### [How to complete this task]
Restate word for word the lines below, from the one containing "Used 2023 Lexus" through the final line, with no pictures included.

### [Dataset excerpts]
★ ★ ★

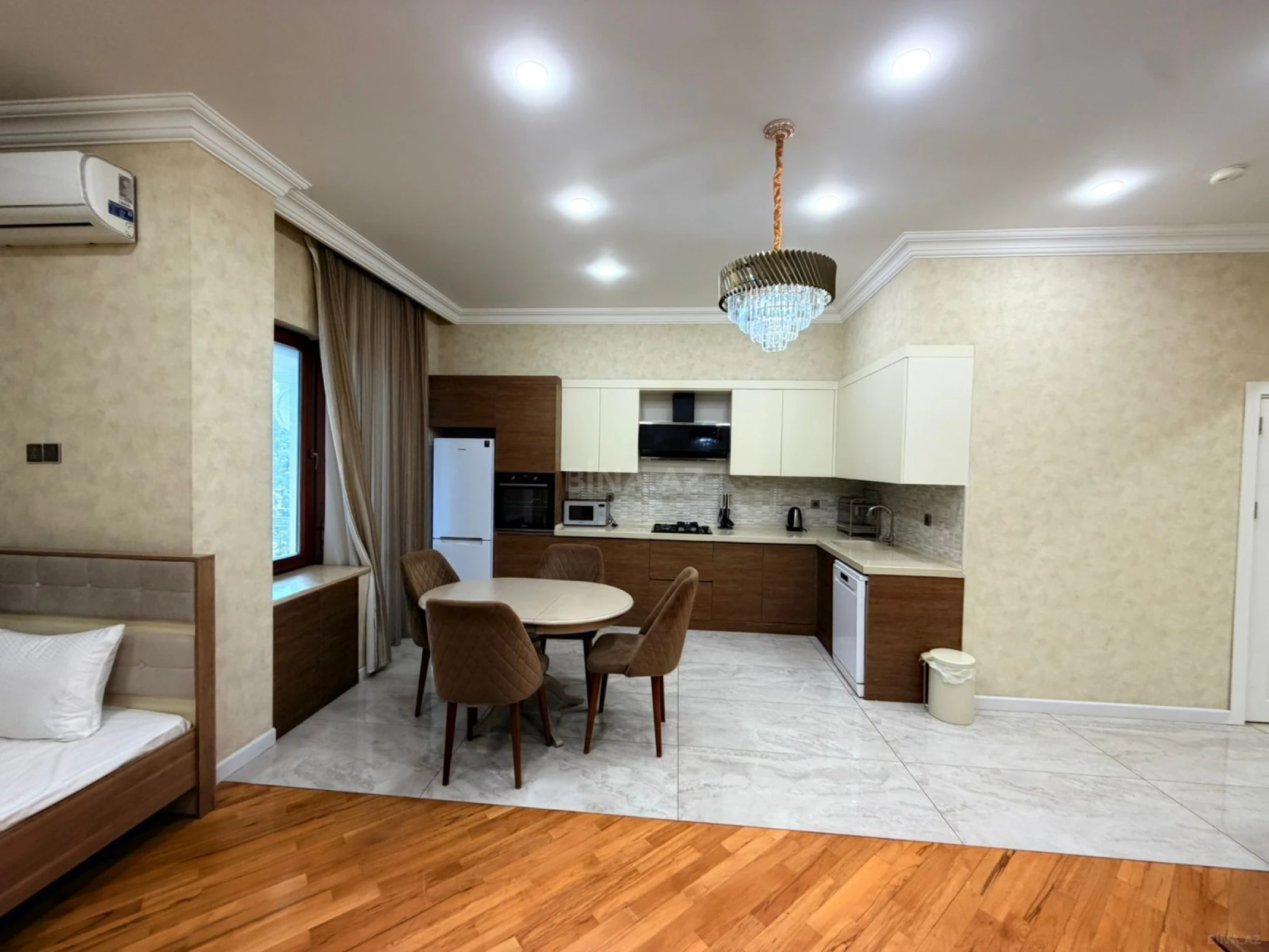 Kirayə verilir 3 otaqlı mənzil 110 m²
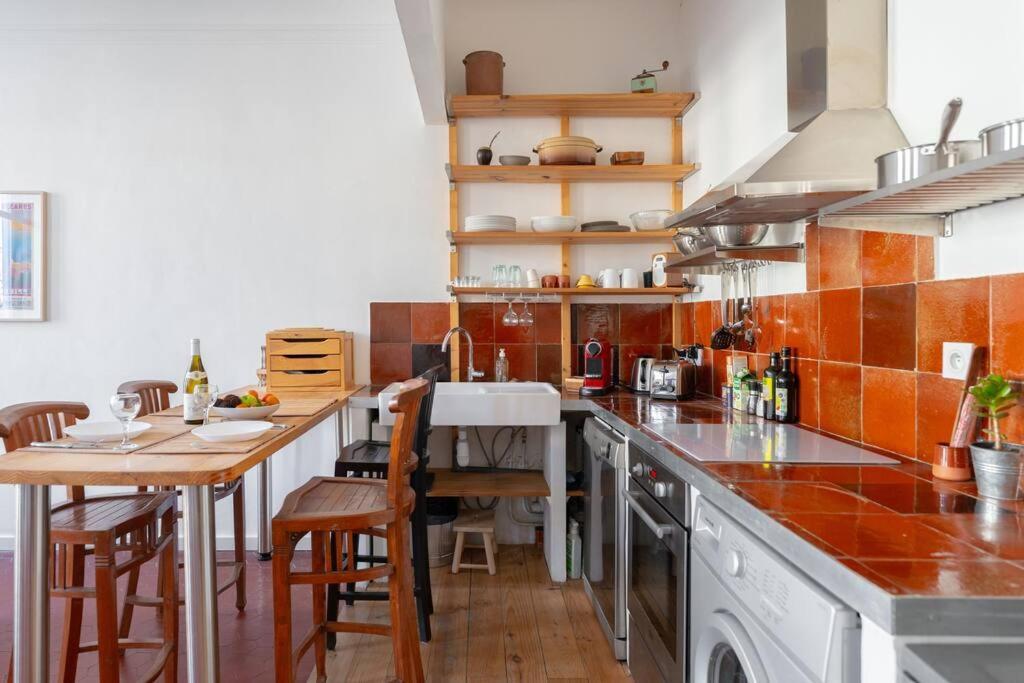 Apartment Superbe Appart, Central, Petit Balcon & Vue Place Marseille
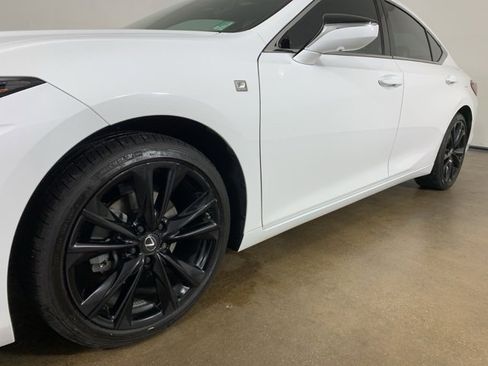 Used 2023 Lexus ES 350 F Sport w/ Accessory Package (Z2) image 2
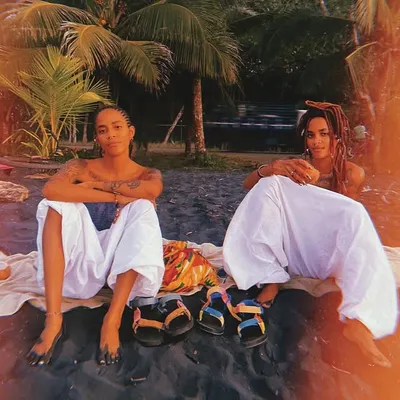 COCO & BREEZY profile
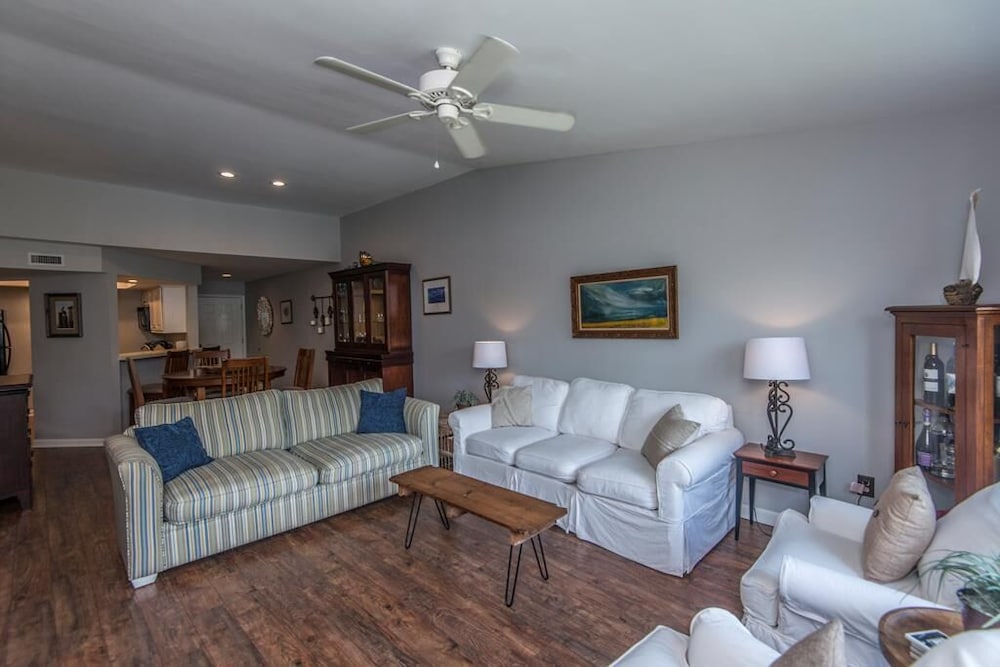406 Yacht Harbor Court - photo 14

★ ★ ★

### [The answer]
 Used 2023 Lexus ES 350 F Sport w/ Accessory Package (Z2) image 2
 COCO & BREEZY profile
406 Yacht Harbor Court - photo 14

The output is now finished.